Jonathots Daily Blog

(2376)

What made you think I would tolerate your religion?

What caused you to believe that you were given permission to rustle up rules and regulations and herd spirituality into some stinky-hole corral of repetition?

Did you forget how I mocked the traditions of men when I walked among the Jews? I ridiculed their ceremony and chided them for their elaborate clothing, flaunting their position.

Therefore, will I accept your garb of garbled expression, touting sacrifice, or worse, supremacy?

  • Wash your hands? No, thank you
  • Fast? I am a glutton.
  • Pray? Only in my closet of privacy.
  • Stone that harlot? I do not condemn her.
  • Worship the temple? I shall tear it down.

I am nauseated by your praise without heart.

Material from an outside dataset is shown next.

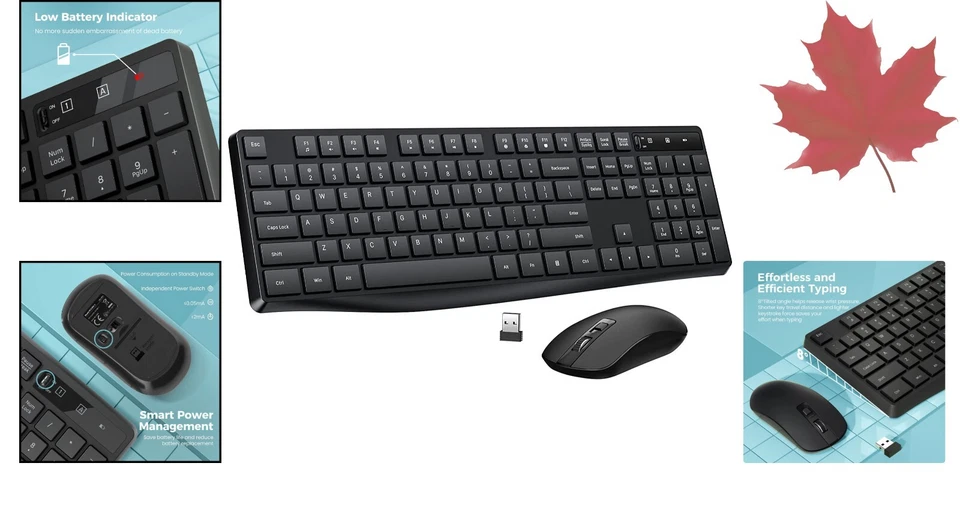 Wireless Keyboard and Mouse Combo - Plug-and-Play 2.4G - 3 DPI Adjustable - Image 2 of 4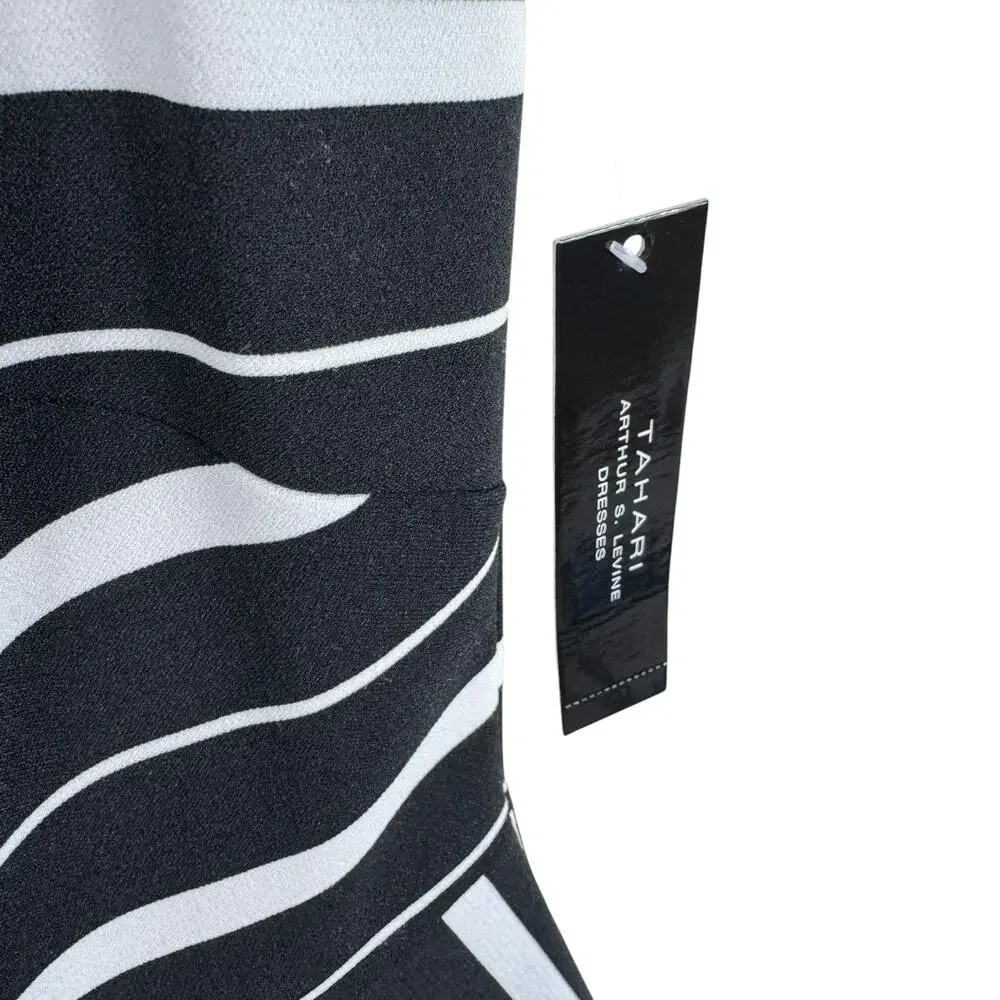 Tahari ASL NWT Colorful Striped Knee Length Fit & Flare Sleeveless Dress Size 10 - Picture 7 of 9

They are words of explanation without meaning, droned in somber tones to establish solemnity.

Blind from your eyes plucked by bouts with vengeance.

Toothless, pleading for your mother’s milk.

Calling one another Master, Reverend, Bishop, Cardinal, Pope.

Yes, Pope.

Did you forget it was the Jewish Pope, Caiaphas, who condemned me to death, using the Roman puppet to act out the violent, fool-hardy charade?

It is as if the Pharisees have hijacked my work instead of the mission being heralded by cleansed lepers, freed whores and liberated Gentiles, dancing for joy.

You have taken the pages of my words and turned off the light, to revere the book and ignore the context.

When you eat my flesh and drink my blood, you are cannibals because you ignore my mind and reject my heart.

There are no kings.

There are no serfs.

You are drunk on your own swill of piety.

As I told the daughters of Jerusalem, your house is left desolate. It is a tomb, displaying silence as the evidence of a slaughtered hope.

I was here.

Did you fail to learn of my actions?

I despise those who feel they are better than others, even if they can recite a litany of their righteous deeds.

I never knew you.

I don’t want to know you.

You cannot imprison my healing virtue in the torture chamber of your tiny vision and narrow mind.

I am the wind. I will blow where I desire.

I will find liberty and immerse my efforts in the waters of freedom.

You have found the heaviest burdens and laid them on the shoulders of broken travelers.

You have made my name weary when it was meant to produce rest.

I hate your religion.

I shall create again, calling new souls … and bring your efforts to nought.